* EXERCISE PROMPT *
The full listing is to be transcribed exactly, with each picture left out.

—————

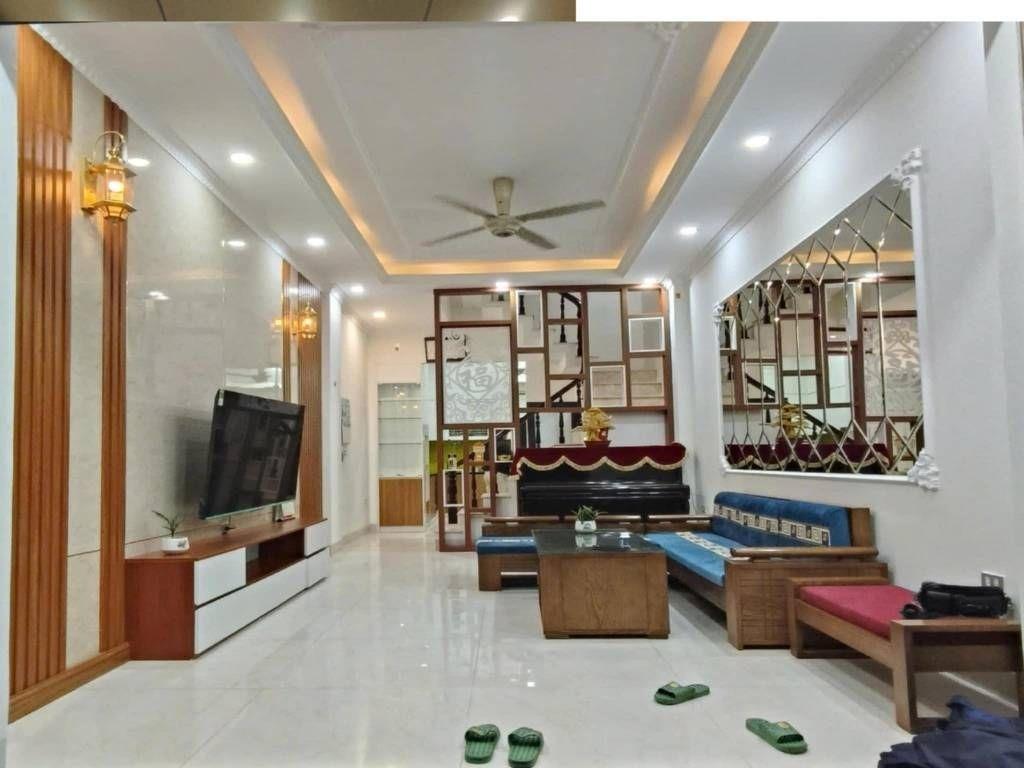 Bán nhà sổ hồng riêng 45 m2 tại Đường Nguyễn Viết Xuân - Phương Liệt - Thanh Xuân, giá 13,9 tỷ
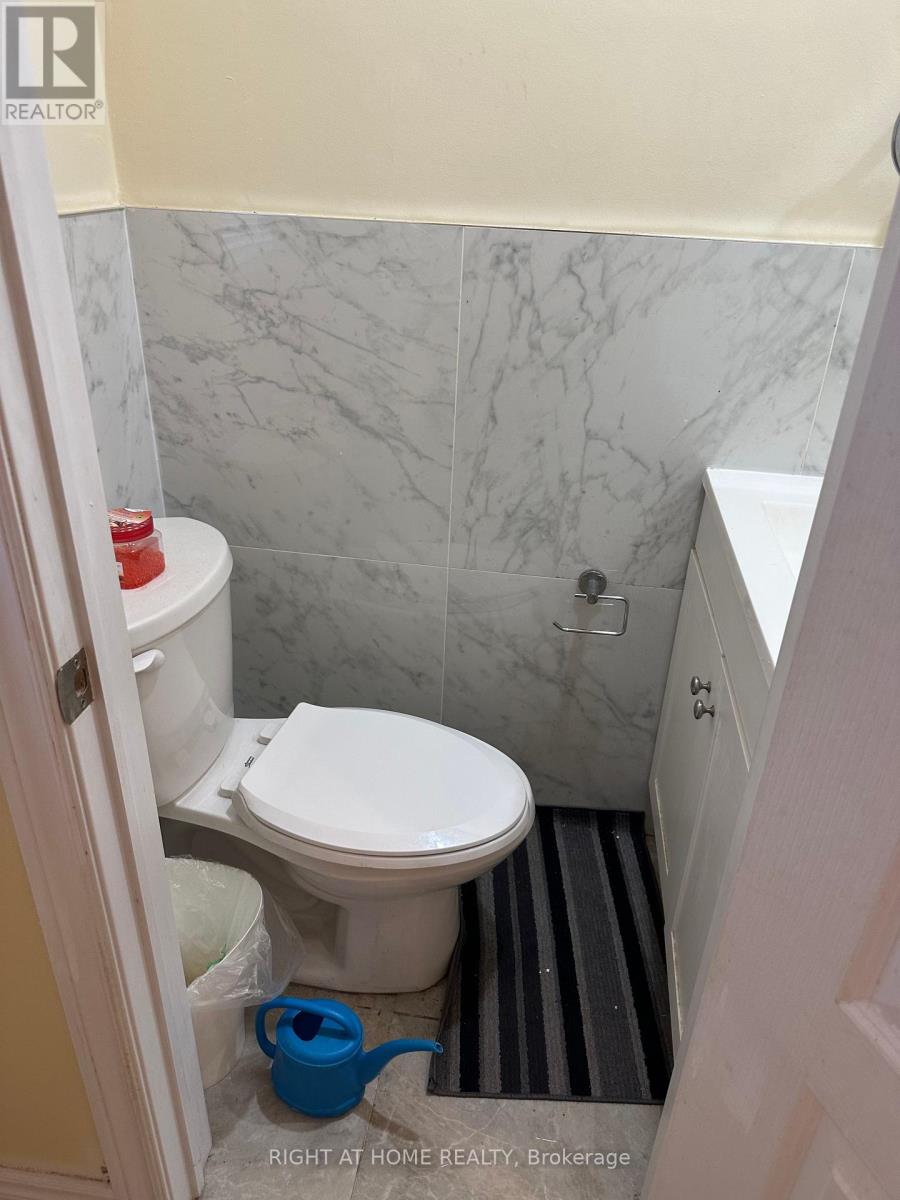 91 Westcroft Drive, Toronto (West Hill), Ontario  M1E 3A4 - Photo 7 - E12792024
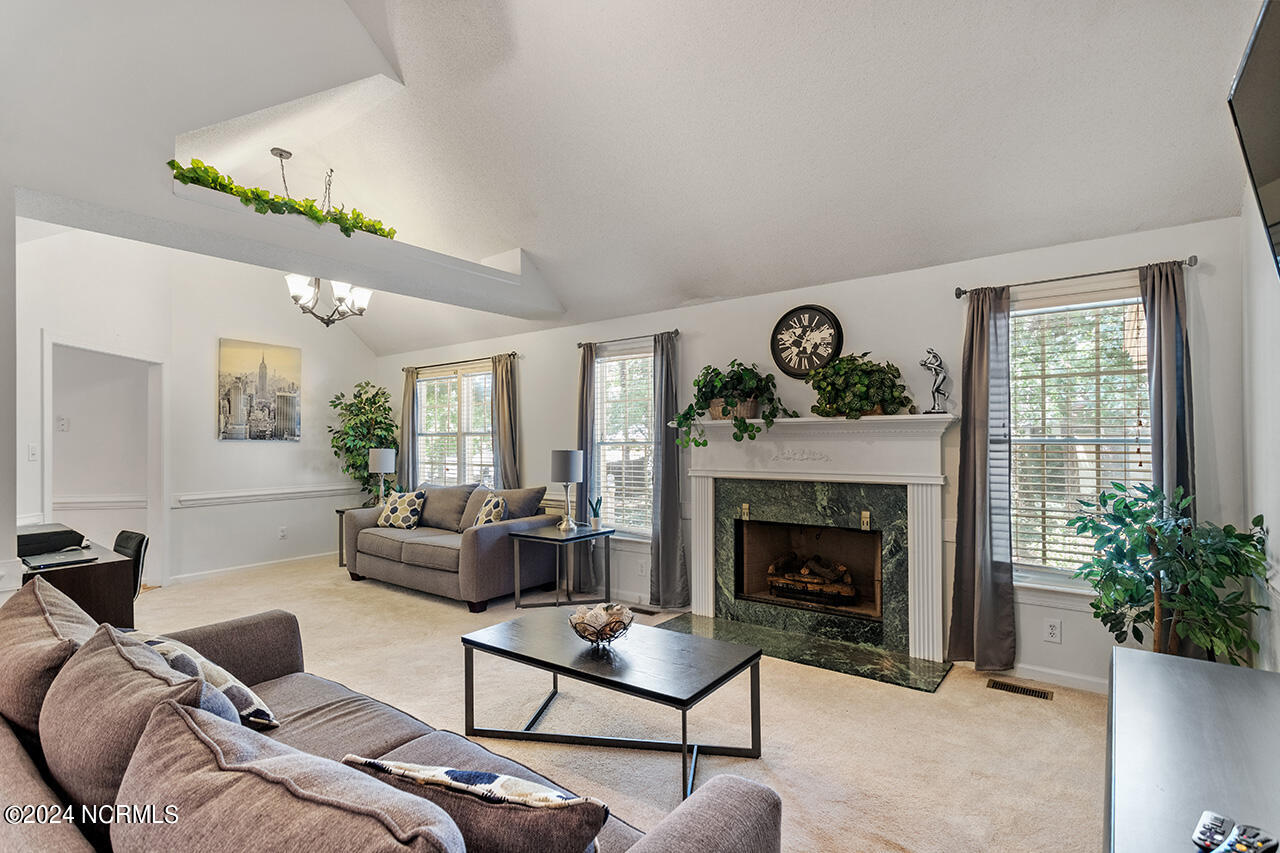1602 Deerwalk Drive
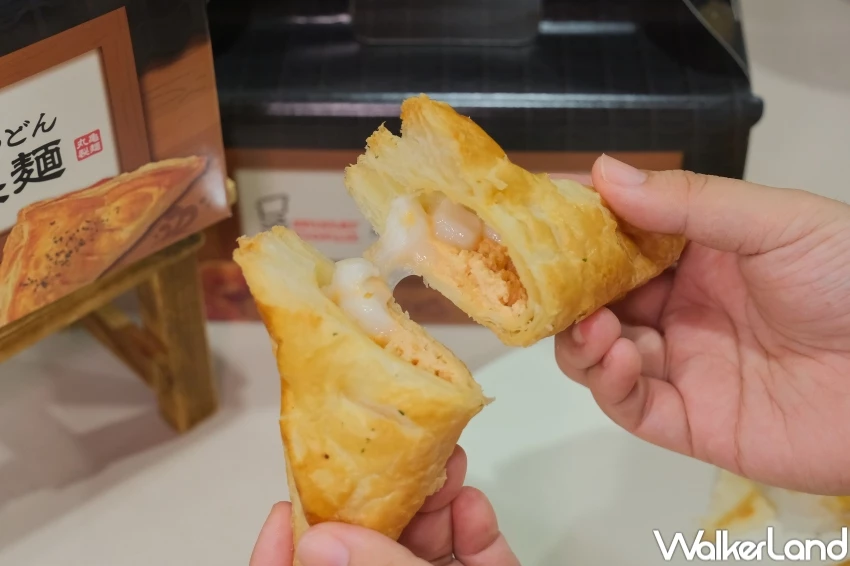 豆皮波堤吃起來!Mister DonutX丸亀製麵 烏龍麵口味波堤,鹹口味甜甜圈吃爆。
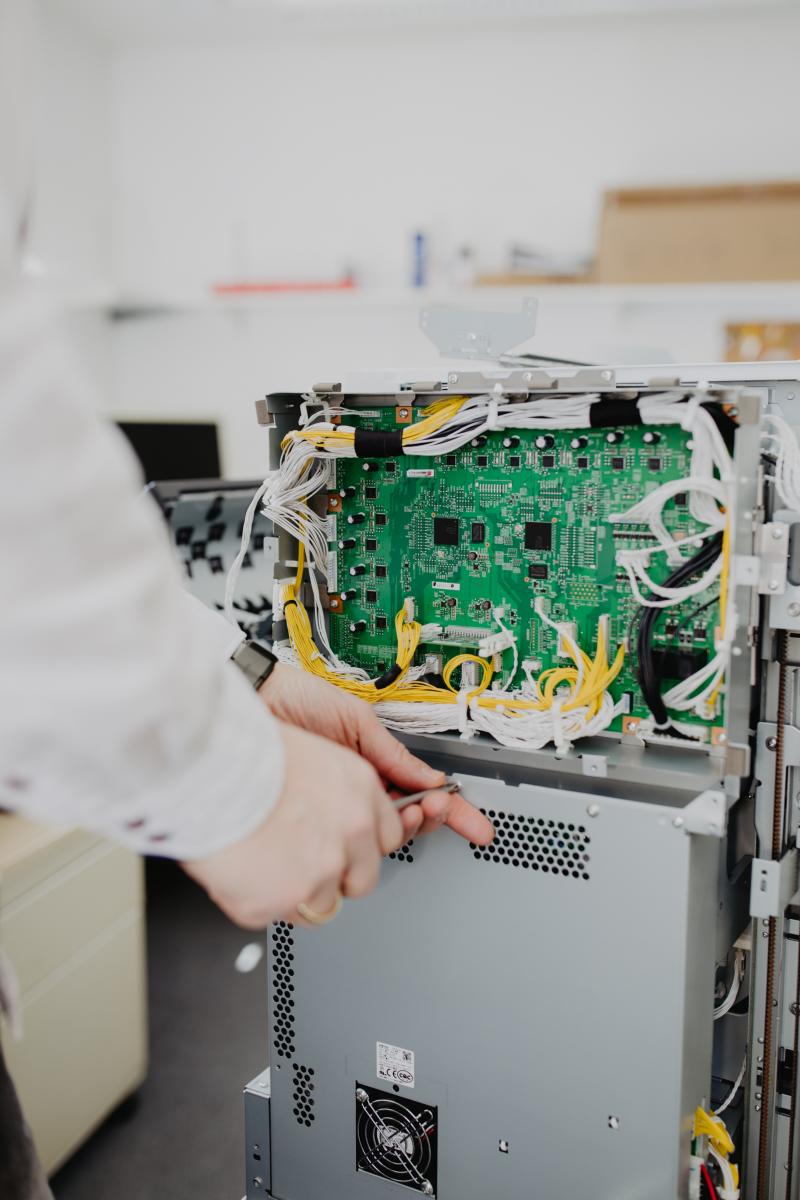 Reparatur von Multifunktionsgeräten in der hauseigenen Werkstatt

—————

* YOUR RESPONSE *
 Bán nhà sổ hồng riêng 45 m2 tại Đường Nguyễn Viết Xuân - Phương Liệt - Thanh Xuân, giá 13,9 tỷ
 91 Westcroft Drive, Toronto (West Hill), Ontario  M1E 3A4 - Photo 7 - E12792024
1602 Deerwalk Drive
 豆皮波堤吃起來!Mister DonutX丸亀製麵 烏龍麵口味波堤,鹹口味甜甜圈吃爆。
 Reparatur von Multifunktionsgeräten in der hauseigenen Werkstatt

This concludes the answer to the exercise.